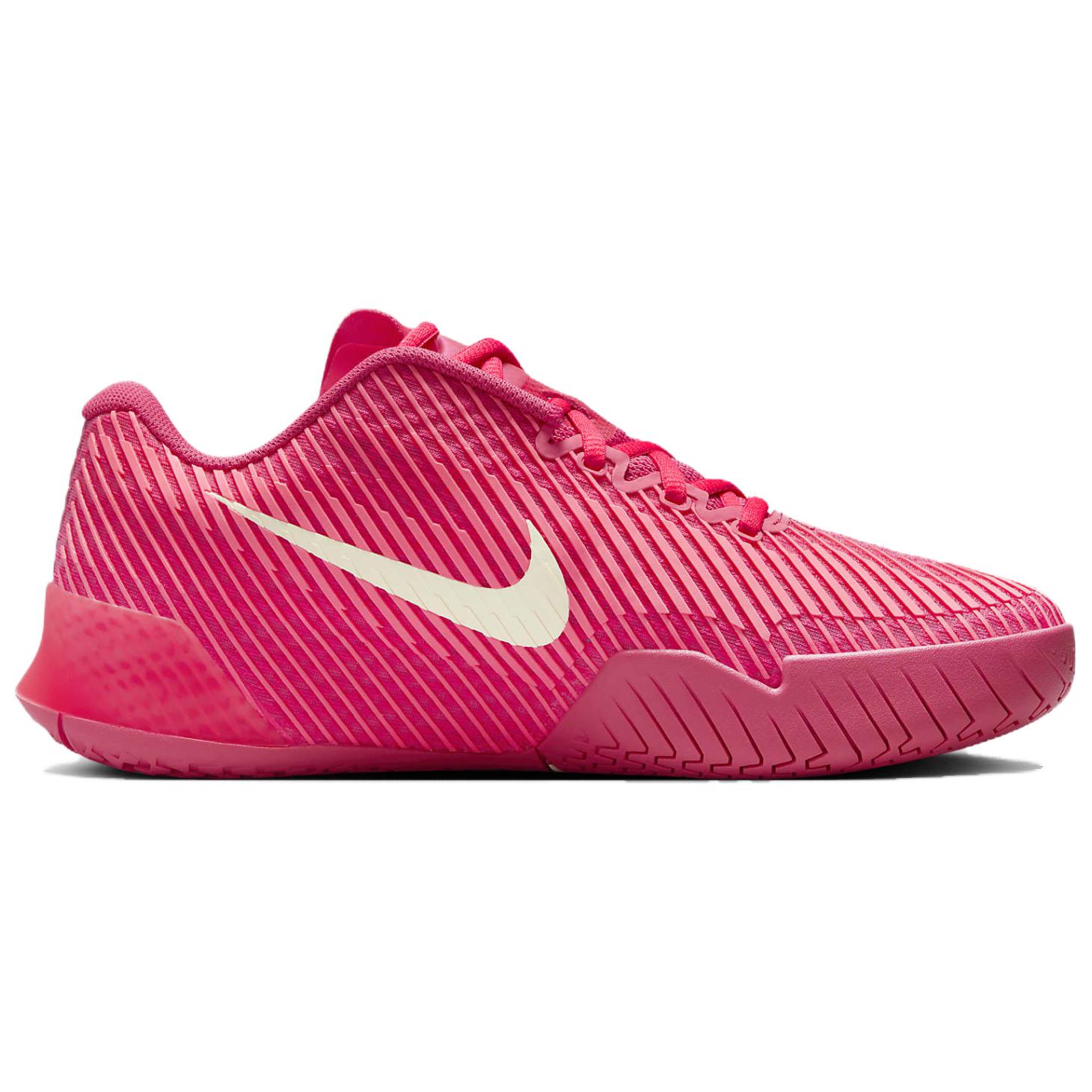 Nike Air Zoom Vapor 11
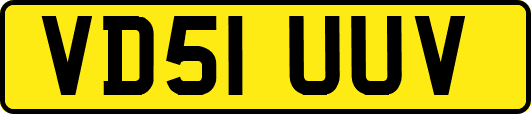 VD51UUV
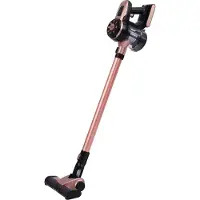 Adler AD 7044 Handstofzuiger Zonder Stofzak - 250W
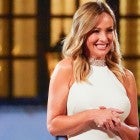 Clare Crawley Bachelorette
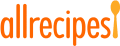 Allrecipes Magazine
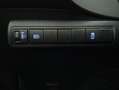 Toyota Corolla 1.8 125H ACTIVE TECH E-CVT Blanco - thumbnail 20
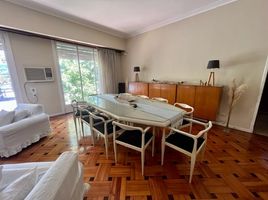 4 Schlafzimmer Villa zu vermieten in San Fernando 2, Buenos Aires, San Fernando 2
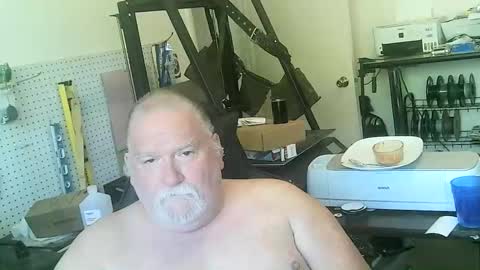 pizzadahu online show from April 2, 5:10 pm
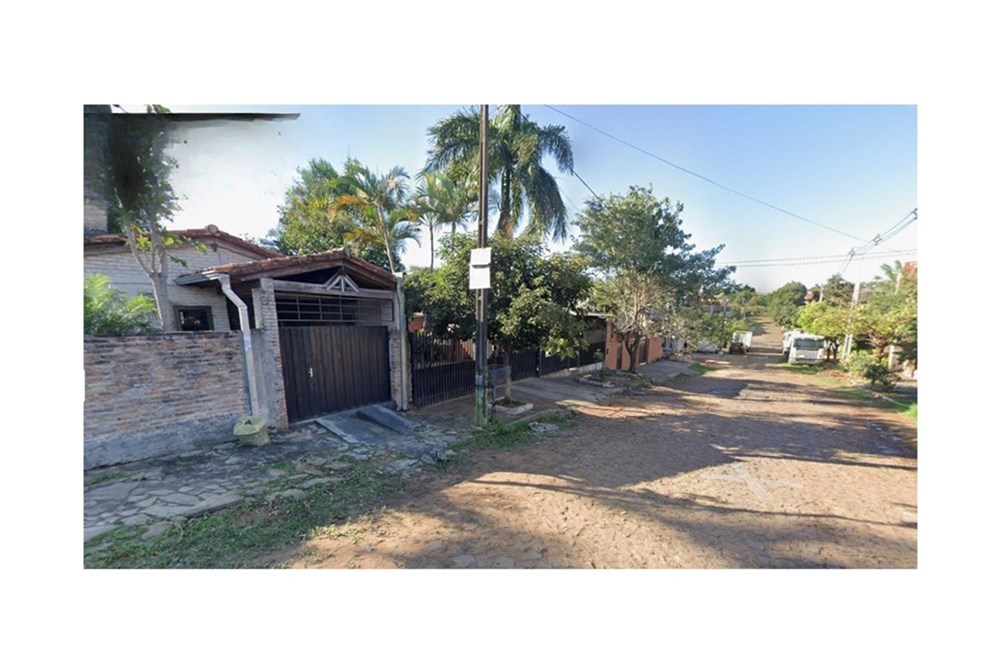 Terreno en venta en Villa Elisa — foto 2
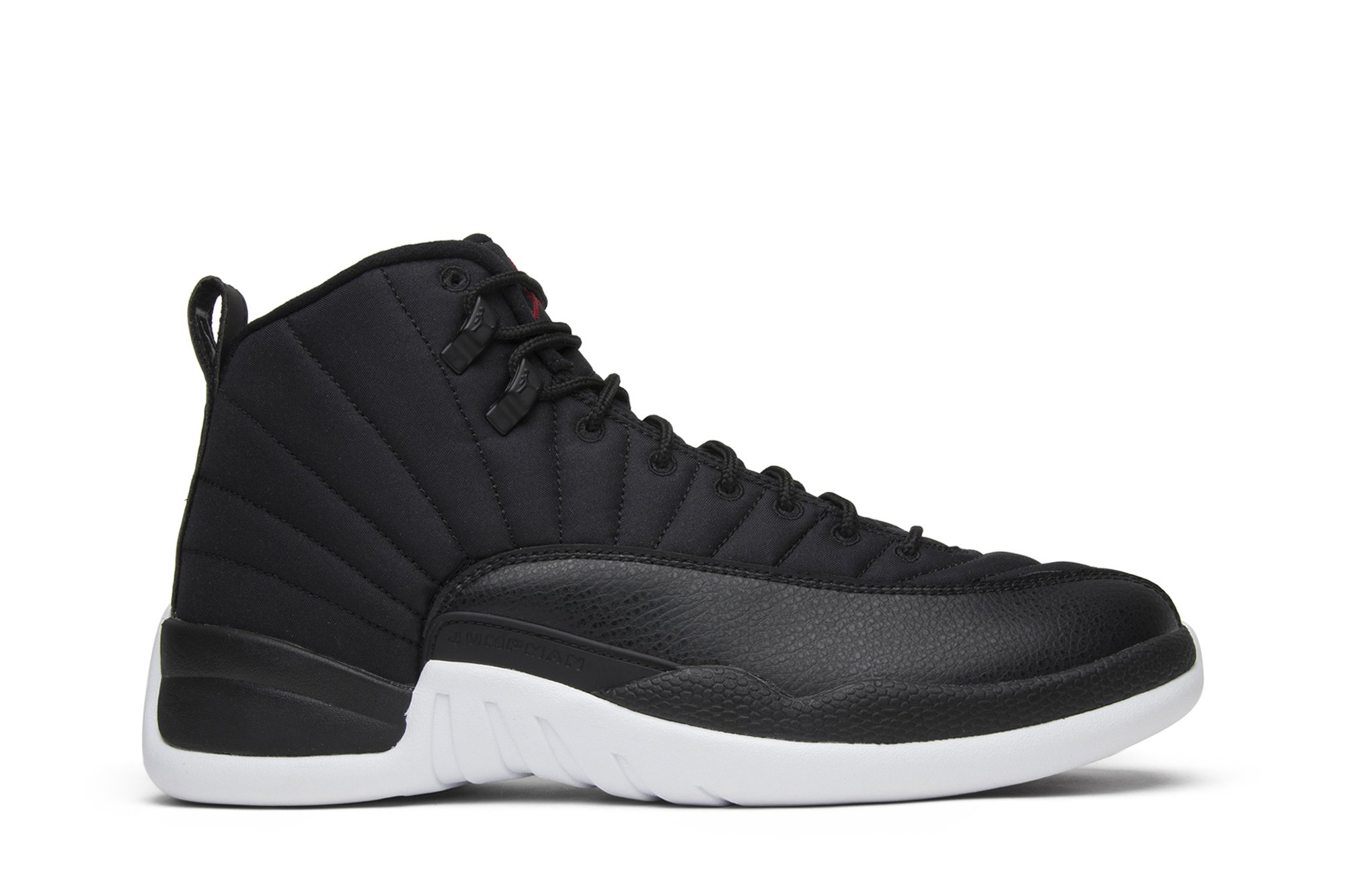 Air Jordan 12 Retro Neoprene Suisse
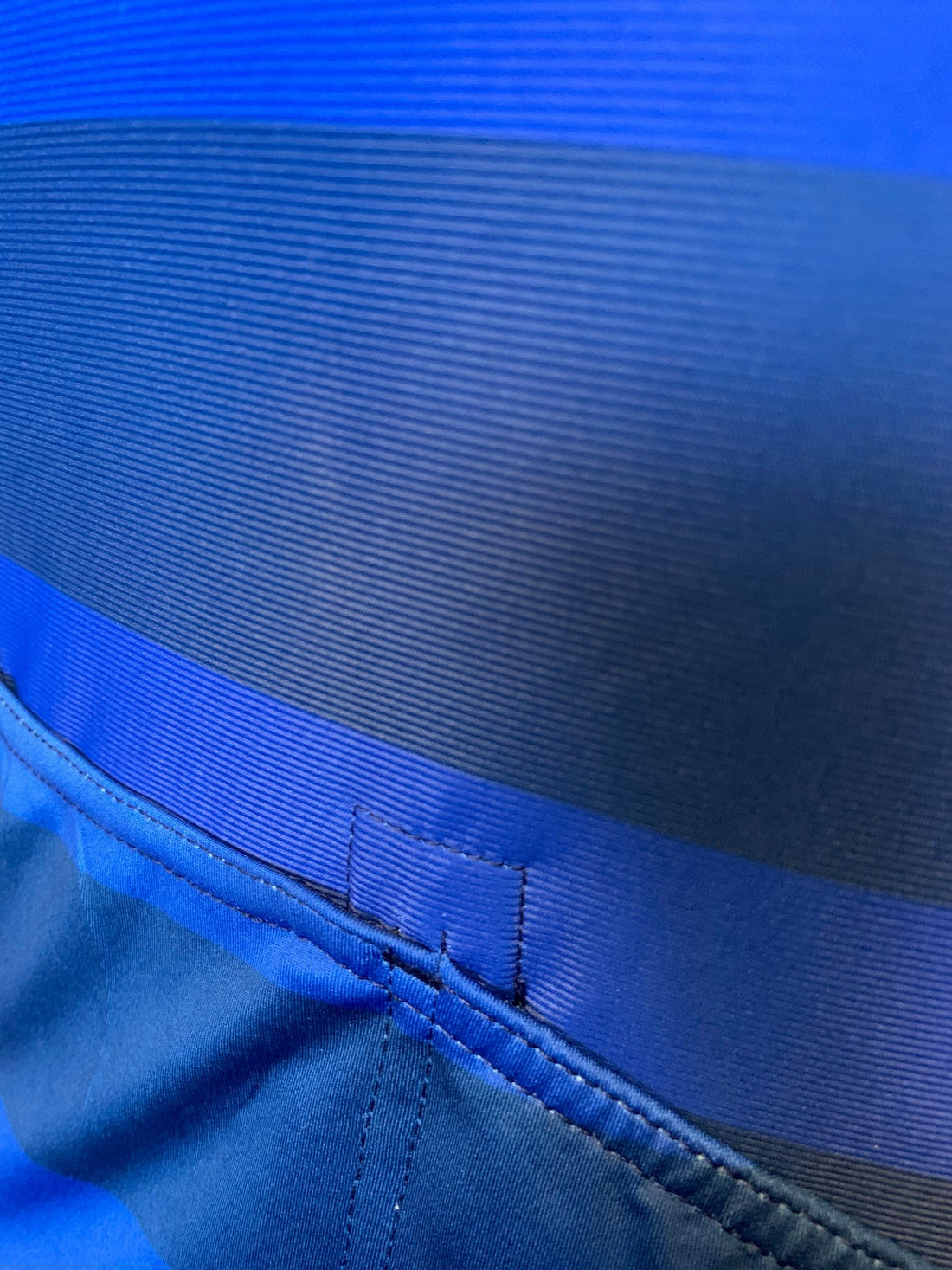 Apex+ PRO Jersey "EVERY DAY"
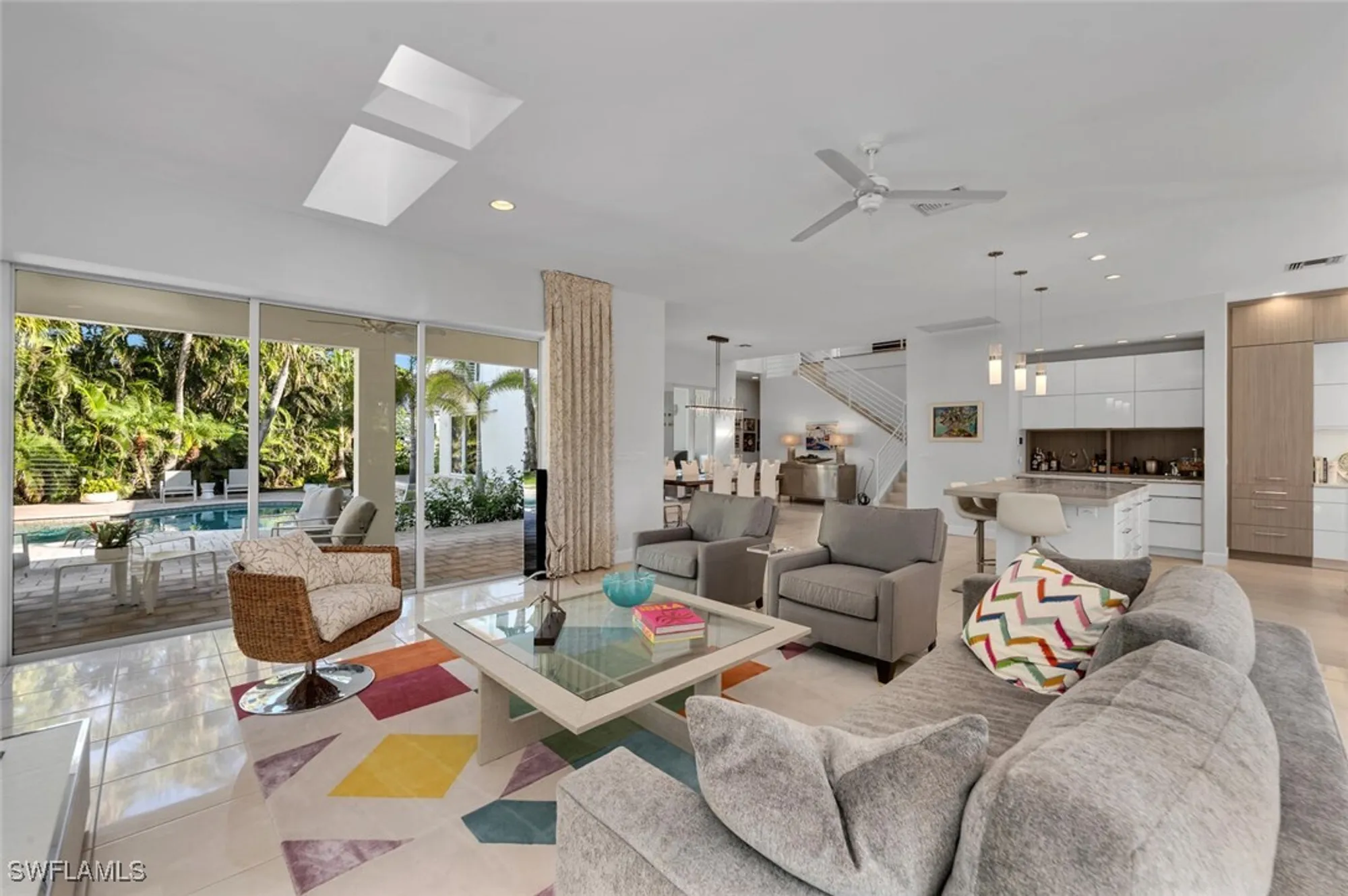 Property Slideshow image 7 of 35 | 405 rudder rd, Naples, FL, 34102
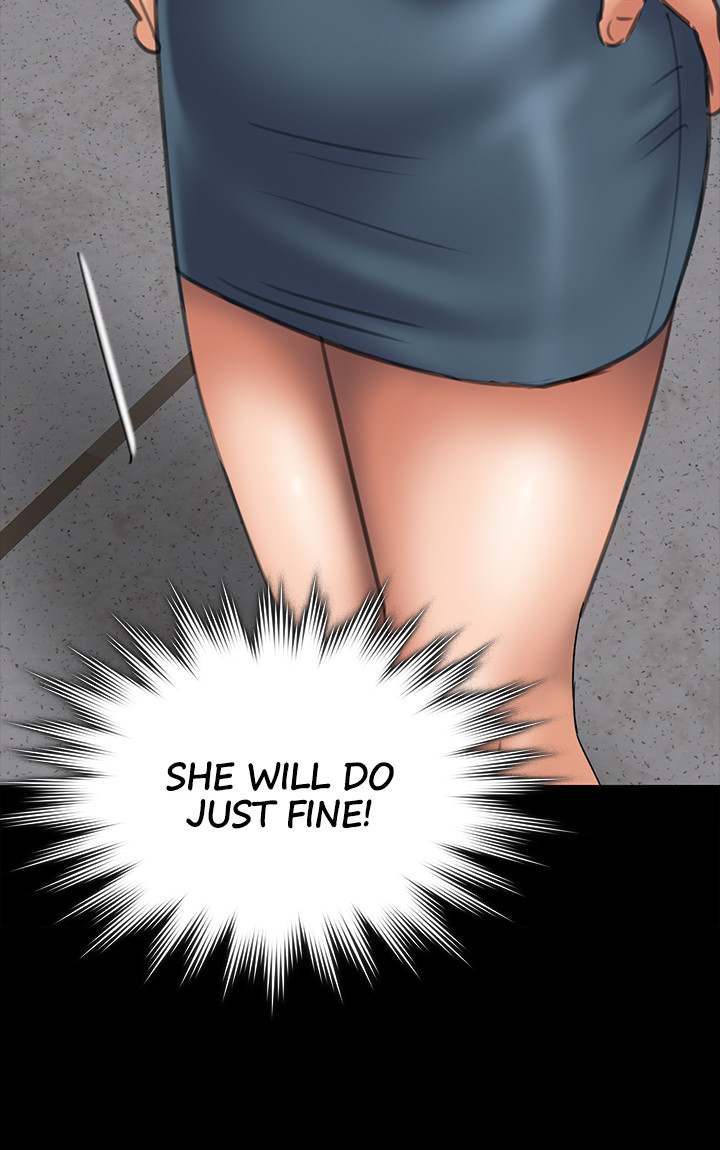 Page 17 of Chapter 48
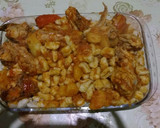 Foto del paso 5 de la receta: Riquísimos ñoquis de papa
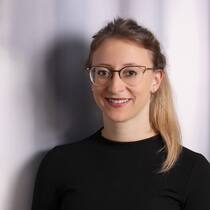 Melanie Windirsch ist neue Head of International Programmes bei HDI Global.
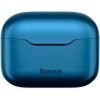 Навушники Baseus SIMU ANC True Wireles Earphones S1 Pro Blue (NGS1P-03) зображення 4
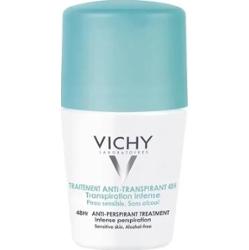 VICHY Antyperspirant w kulce 48-godzin skuteczności 50ml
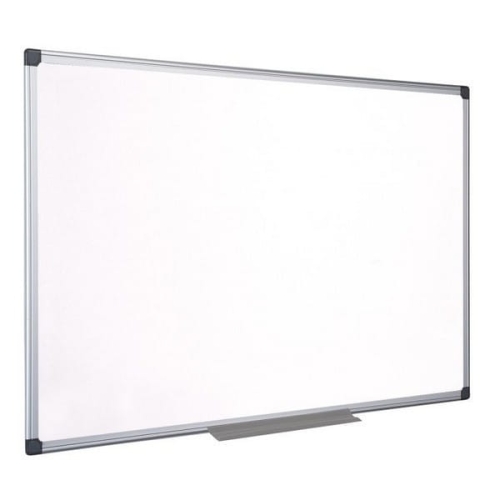 product_18689_image_69223.jpg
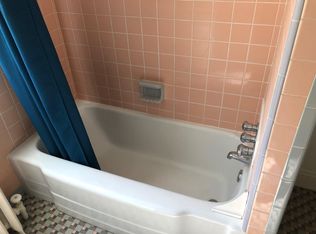 23 Llanfair Rd, Ardmore, PA 19003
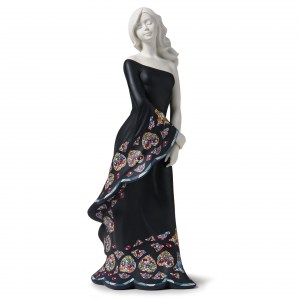 765065-nadal-studio-espera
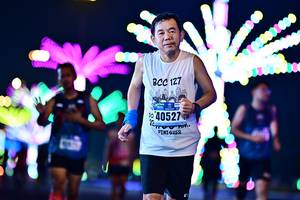 BIB: 127, 40527
                            <button type="button" onclick="openModal(17516134)" class="btn btn-primary btn-sm float-right btn-popup" data-toggle="modal" data-target=".modal-high-quality">
                        <i class="fas fa-shopping-cart"></i> Add to Cart
                    </button>
                                            <button type="button" onclick="isThisMe(17516134, true)" class="btn btn-success btn-sm float-right btn-popup btn-isme hidden" data-toggle="tooltip" data-placement="bottom" title="นี่คือรูปของคุณใช่ไหม คลิกที่นี่เพื่อเอาเข้าอัลบั้ม">
                        <i class="fas fa-plus"></i> Add to album
                    </button>
                    <button type="button" onclick="isThisMe(17516134, false)" class="btn btn-warning btn-sm float-right btn-popup btn-isnotme hidden">
                        <i class="fas fa-ban"></i> Remove from album
                    </button>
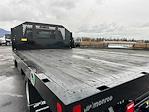 New 2025 Chevrolet Silverado 3500 Regular Cab Flatbed Truck for sale #F349538 - photo 17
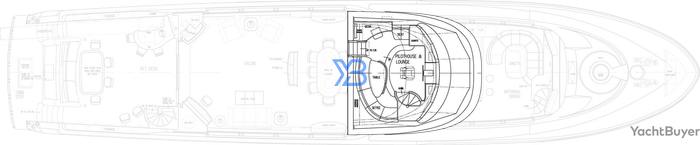 Pilothouse
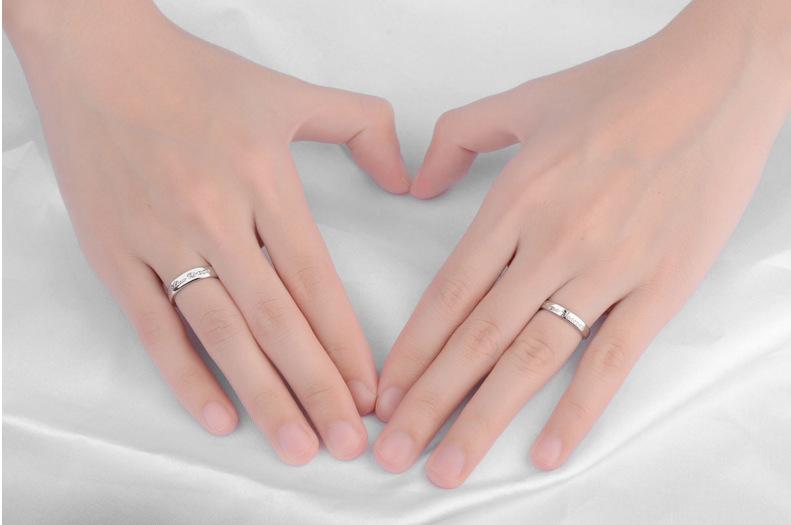 QQ图片20170904195723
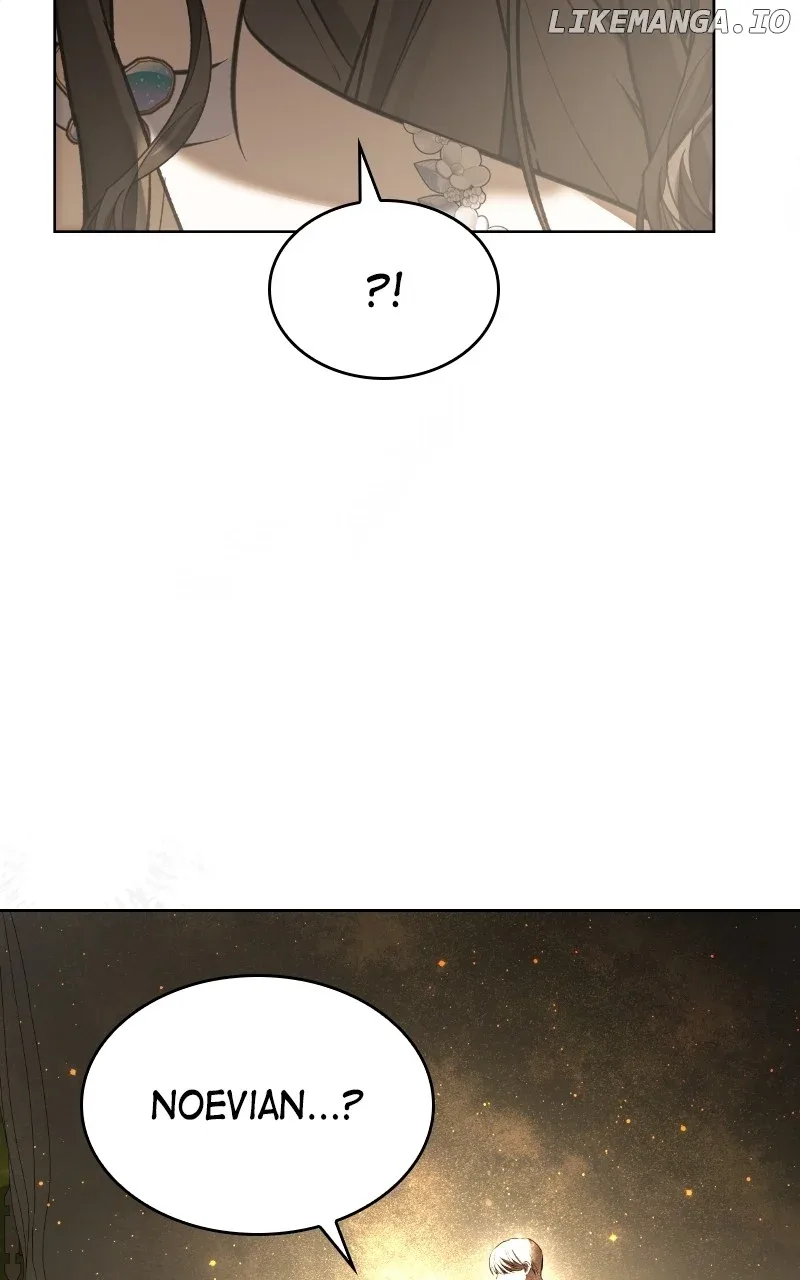 Describe Your Feeling When Being Reincarnated as Your Husband’s Mistress Chapter 49 page 82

*What the task requires*. Gather each line from the entries above that includes the word "isThisMe".

*Solution to this task*.
                                            <button type="button" onclick="isThisMe(17516134, true)" class="btn btn-success btn-sm float-right btn-popup btn-isme hidden" data-toggle="tooltip" data-placement="bottom" title="นี่คือรูปของคุณใช่ไหม คลิกที่นี่เพื่อเอาเข้าอัลบั้ม">
                    <button type="button" onclick="isThisMe(17516134, false)" class="btn btn-warning btn-sm float-right btn-popup btn-isnotme hidden">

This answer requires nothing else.